Cricket commentators around the world are asking, "can Test cricket survive?"

They're particularly asking it here in Australia because we have just witnessed a soggy and depressing end to one of the least interesting Test series in history, played between Australia and a team of young men impersonating the West Indies.  Not many people turned up to watch, TV ratings were lukewarm and as one wit put it, by the third test even Mother Nature got bored and decided it was better to spend the time watering the grass.


Meanwhile Australia's domestic cricketers, along with a fair number of actual West Indians and a smattering from other countries, have been playing T20 cricket in the Big Bash League in front of packed stadia and large TV audiences.  Even the women's version of the competition, in its very first year, is attracting enough interest for Channel 10 to increase its coverage.

Of course threats to Test Cricket are not new.  In 1960, long before TV coverage was even dreamed of, commentators were speculating about the death of Test Cricket in Australia. The game was dominated by boring, defensive play and the six days that Tests took in those days could seem like an eternity.  Crowds stayed away in droves.  Then the West Indies arrived.

Sir Donald Bradman, then Chairman of the Australian Cricket Board, begged the two teams to play attacking, entertaining cricket and the two captains, Richie Benaud and Frank Worrell, were only too happy to oblige.  The result was a pulsating, entertaining series, huge crowds, enduring popularity for the charismatic West Indians, the first ever tied Test and salvation for Test cricket.

Why is it that fifty years later a clash between the two countries can attract so little interest?

I think the beginnings of the answer lie in the late 1970s and Kerry Packer's conversion of cricket from game to broadcast content.  Up until that time cricketers were essentially amateurs, paid little more than costs and playing for the love of the game and for fame and glory.  Where the game was broadcast at all it was on public radio and TV, and most of the revenue came from ticket sales.

The problem was that while the various Cricket Boards around the world were happy with this situation, the players jumped at the chance to earn more money and defected to Packer faster than you could say "chequebook".  Broadcasters in other countries followed suit and within a decade or so, international cricket and a good deal of domestic cricket was fully professional, funded largely through broadcast deals and the huge sponsorship dollars authorities could leverage off them.

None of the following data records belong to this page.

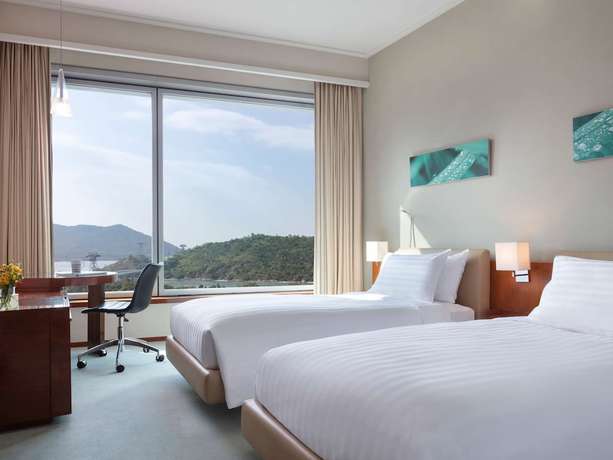 Imagen de la habitación del Hotel Novotel Citygate Hong Kong. Foto 4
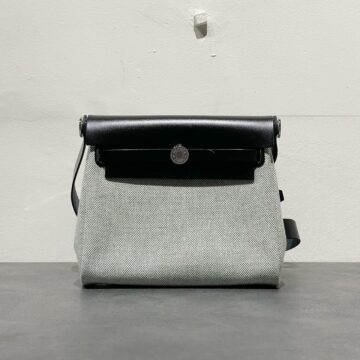 エルメス　Hermes　エールバックジップミニ　バッグ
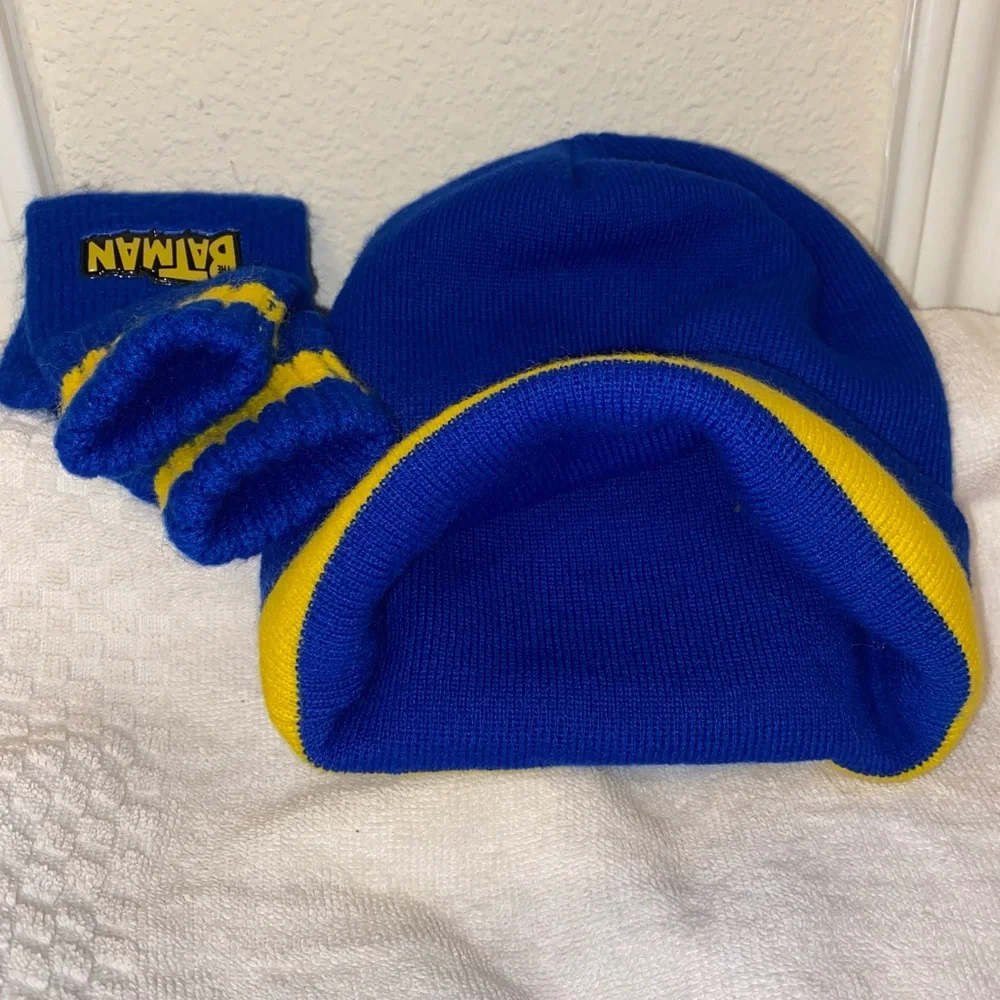 Batman beanie and mittens set by DC comics for kids in blue and yellow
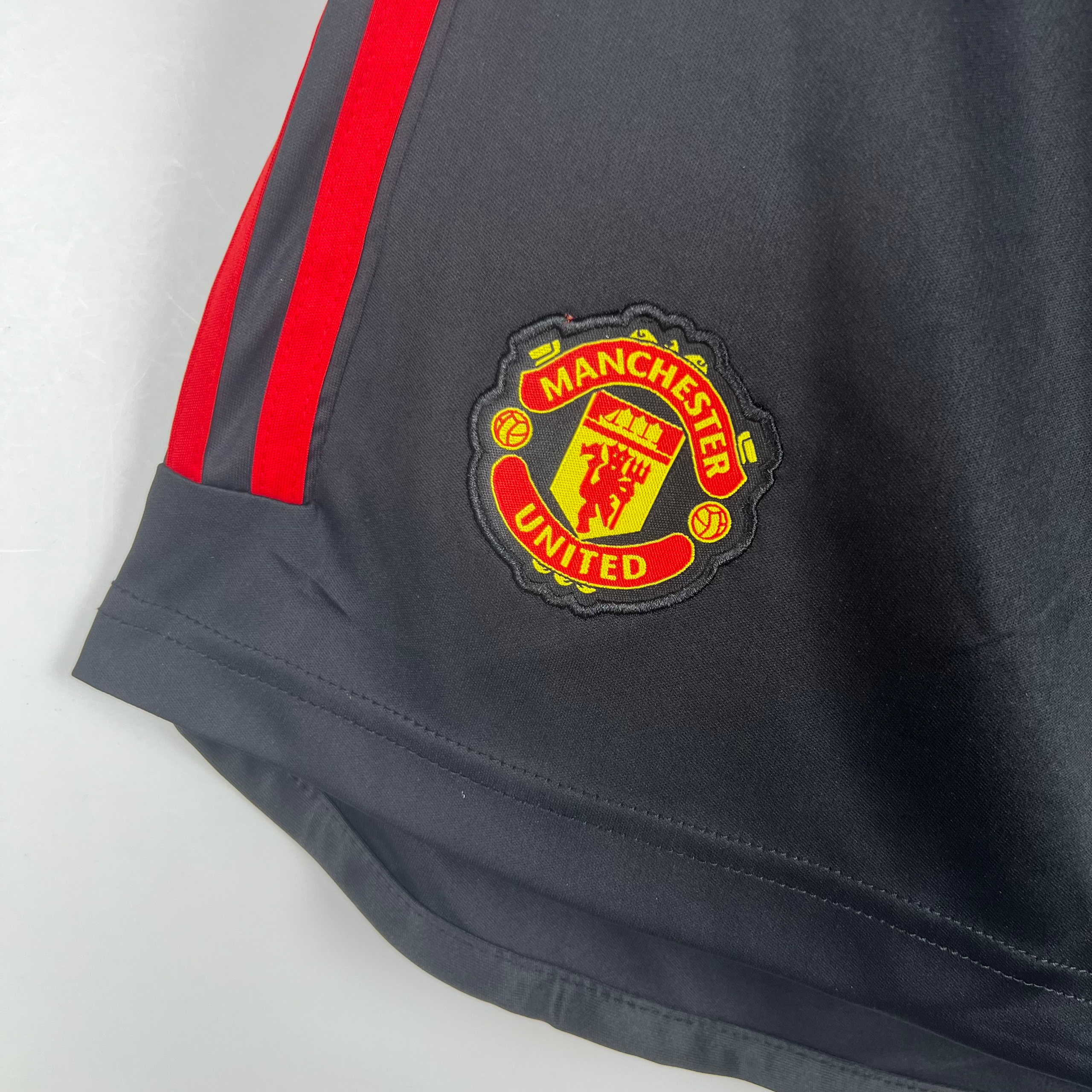 Купить футбольные шорты Manchester United 2023-2024. Футбольный магазин — ssw_magazin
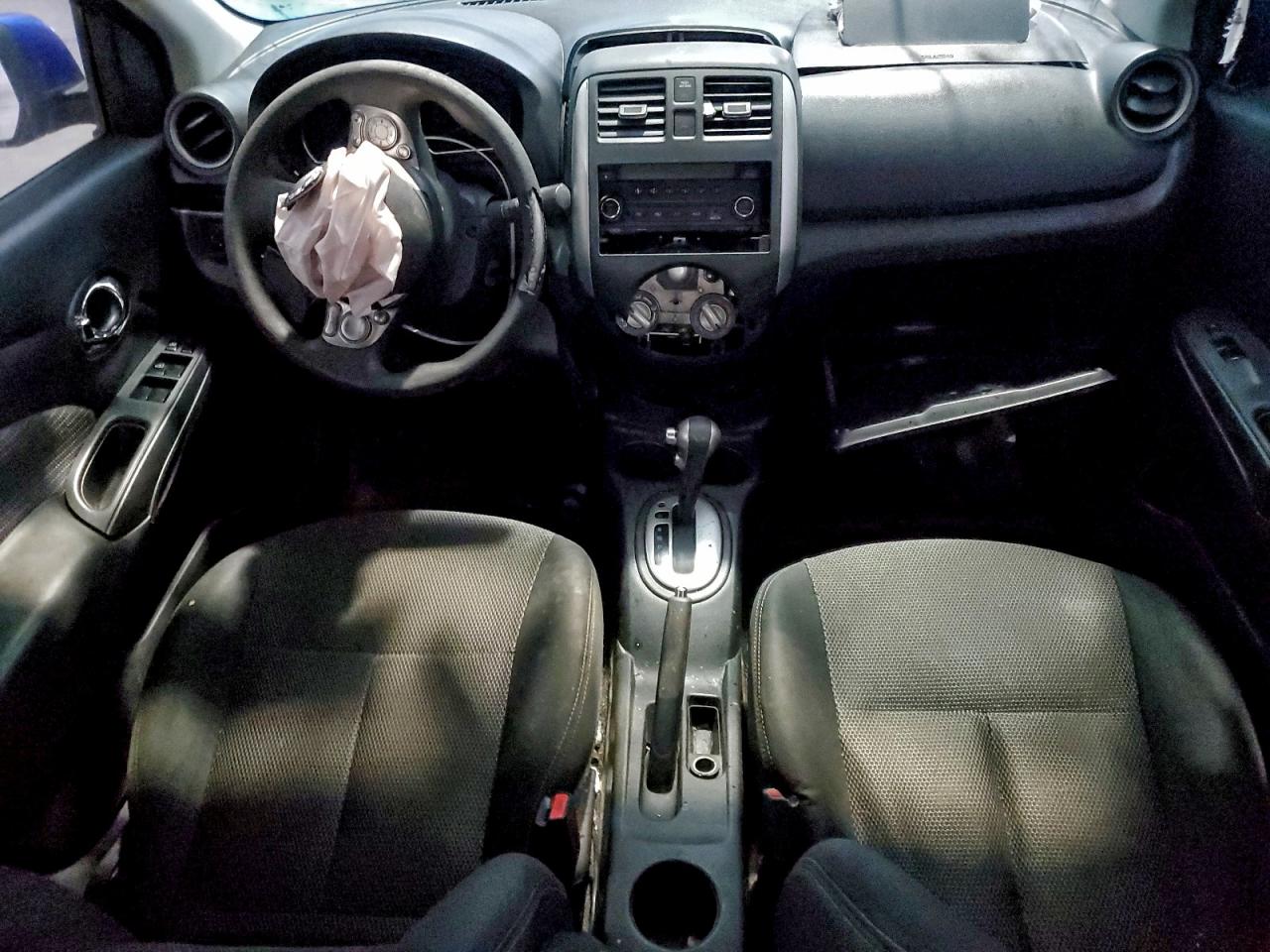2014 NISSAN VERSA S photo 15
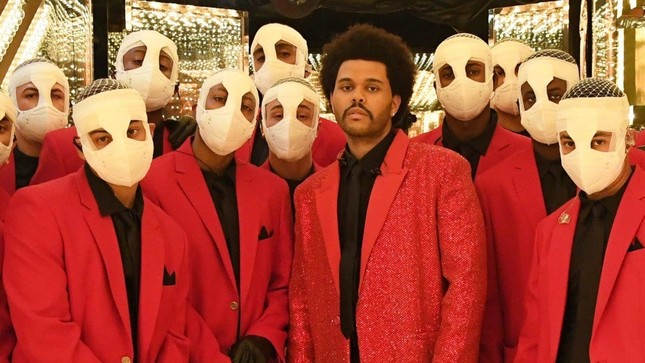 Super Bowl Halftime Show 2021: The Weeknd một mình “cân team”, H.E.R hát mở màn ngọt như mía lùi ảnh 5
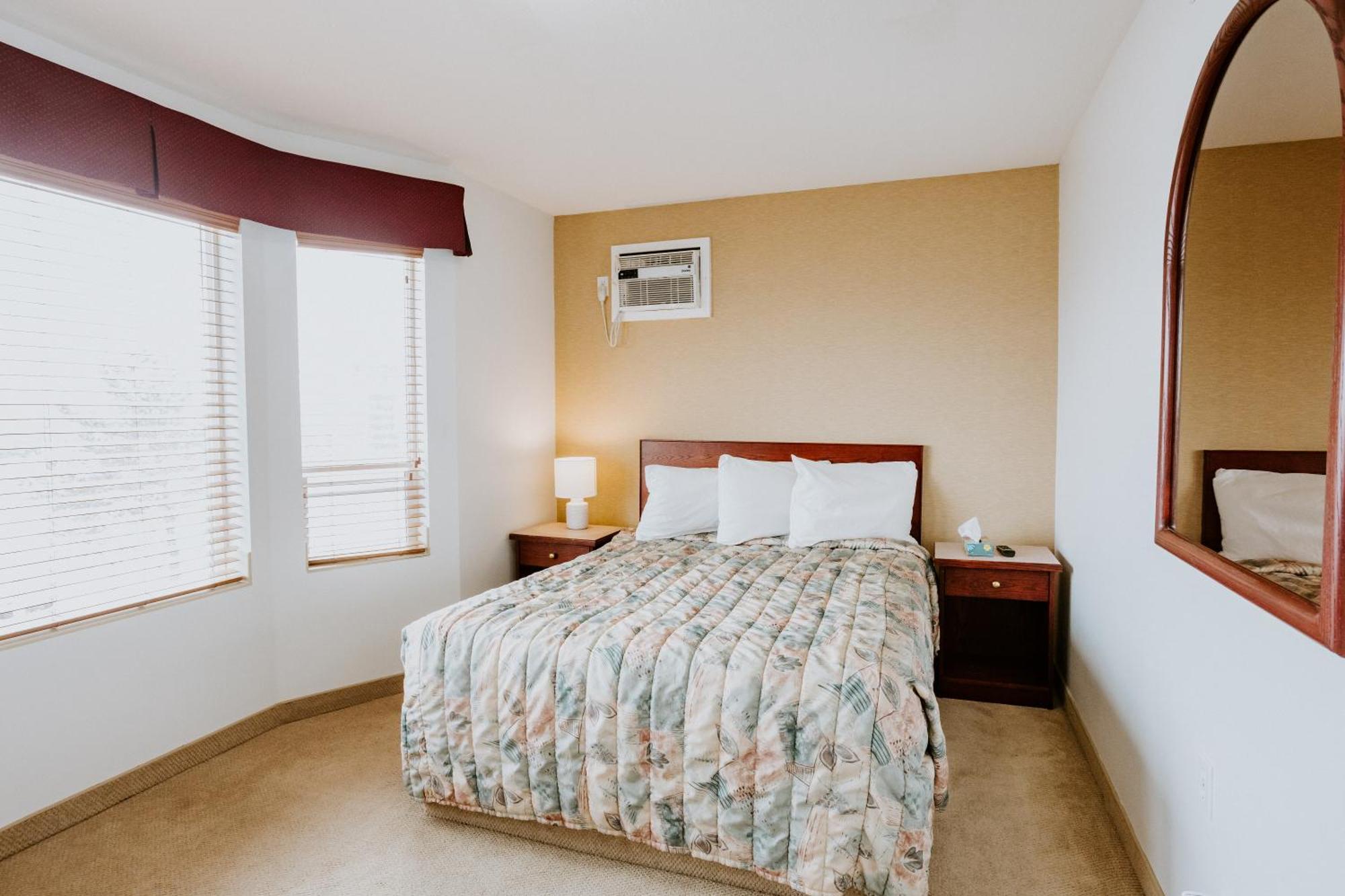 Penhold Western Budget Plus Mosaic Suites מראה חיצוני תמונה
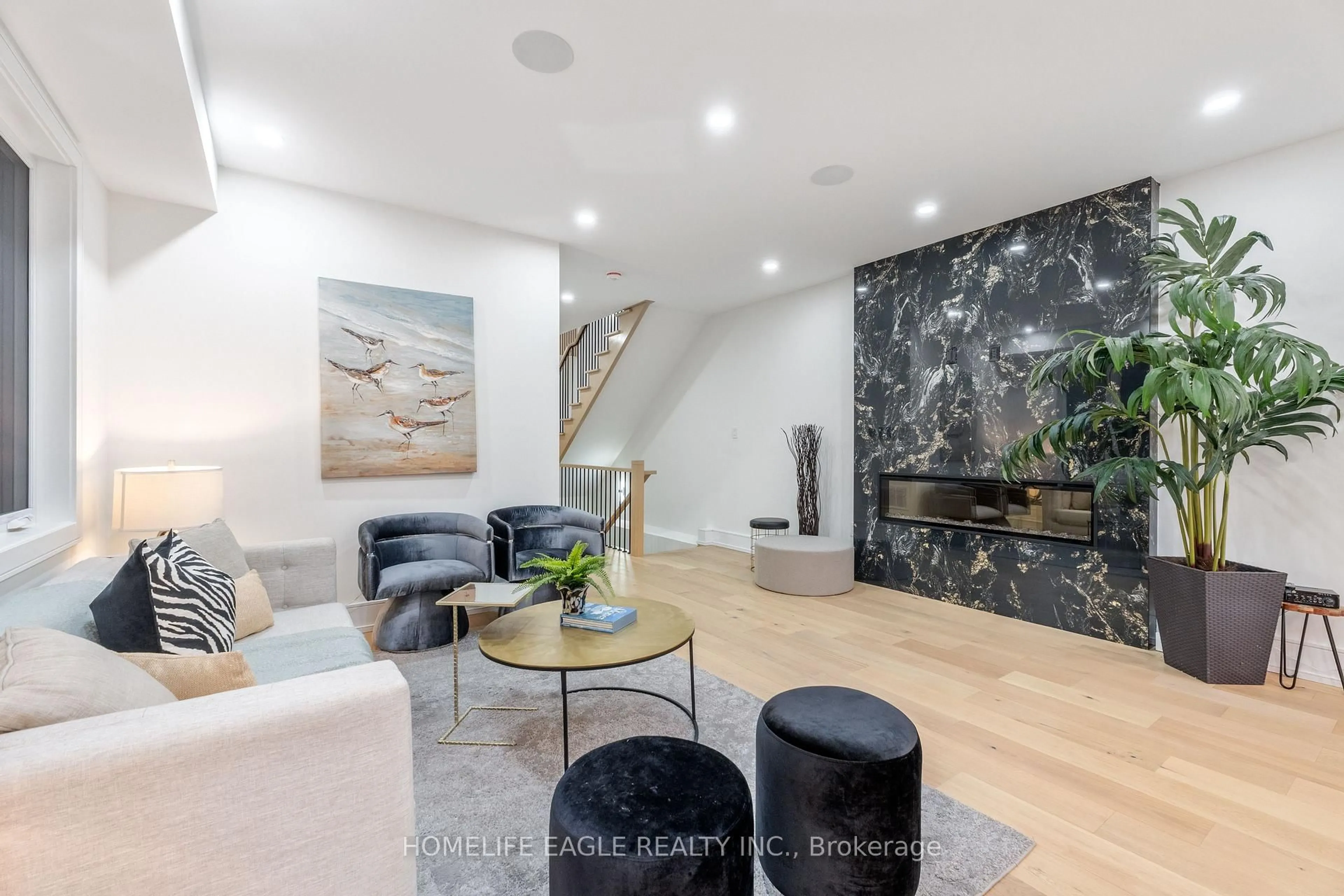 Living room with furniture, unknown for 109B Heale Ave, Toronto Ontario M1N 3Y2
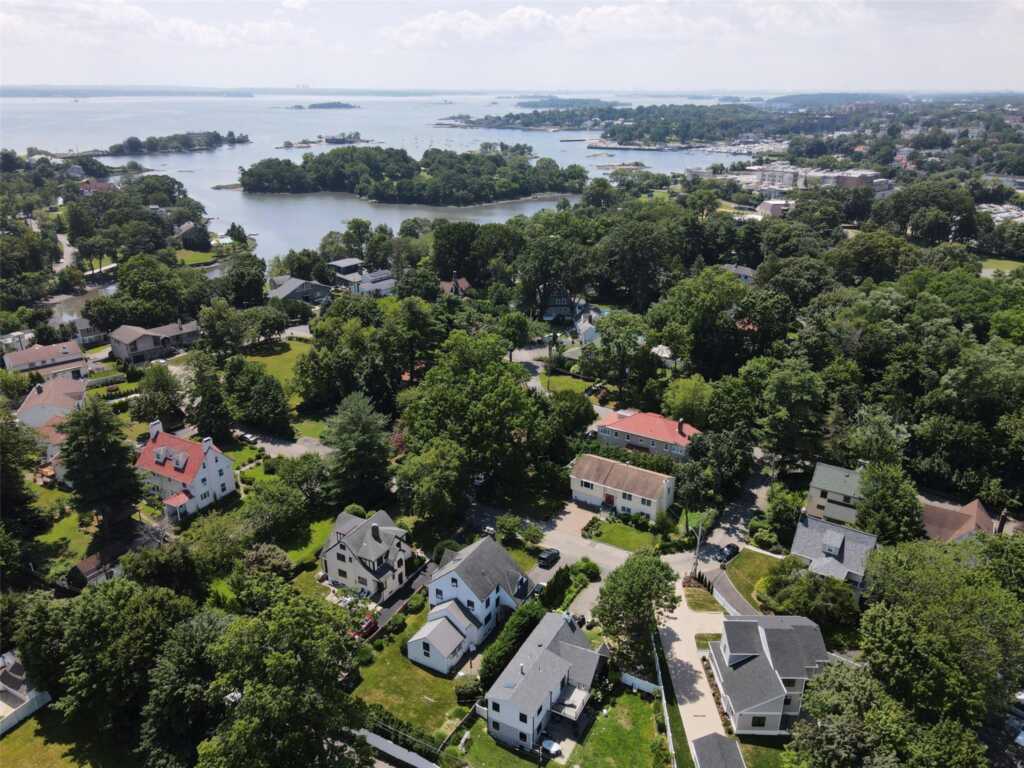11 Highview Avenue, New Rochelle, NY 10801 - Photo 38 of 43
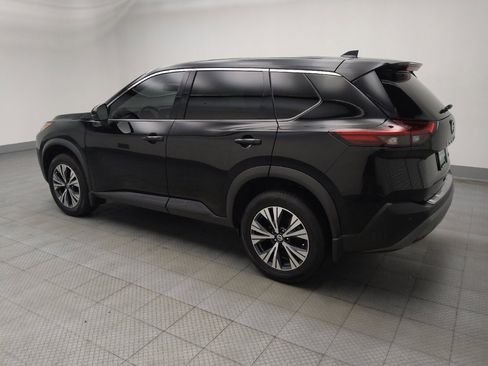 Used 2021 Nissan Rogue SV image 3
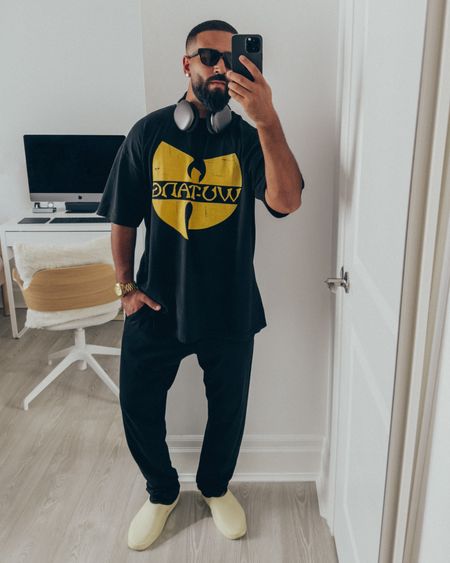 SALE 🚨 pants currently on sale up to 70% off… REVOLVE MAN SIXTHREESEVEN Wu-Tang T-Shirt in ‘Black’ (size XL). FEAR OF GOD Relaxed Loungewear Jersey Cotton pants in ‘Black’ (size M) and California 1.0 slides in ‘Cream’ (size 41). FEAR OF GOD x Grey Ant glasses in ‘Black’. APPLE AirPods Max Headphones in ‘Space Grey’. A relaxed and elevated men’s look that’s great for a day of running errands. Size up by 1-2 size for an oversized fit in the tee. 

#LTKstyletip #LTKsalealert #LTKmens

There were two prices to be paid for this.  The first was that national teams had to play lots more cricket.  Regular Test tours were augmented by a seemingly endless succession of mind-numbing made-for-TV one day tournaments played under lights for prime-time viewing.  No-one can remember who won what or even who played who, but the ratings and advertising dollars flowed.

All this was nice for the players' bank balances and for those of their boards, but some consequences followed.  Domestic cricket became all but invisible because no-one would pay to broadcast it.  International players barely played in their own domestic competitions because they were so busy with international cricket.  Audiences for domestic cricket dwindled, games were played in cavernous, near-empty stadiums and the cricket authorities only kept the competitions alive because they needed a way to develop their international stars.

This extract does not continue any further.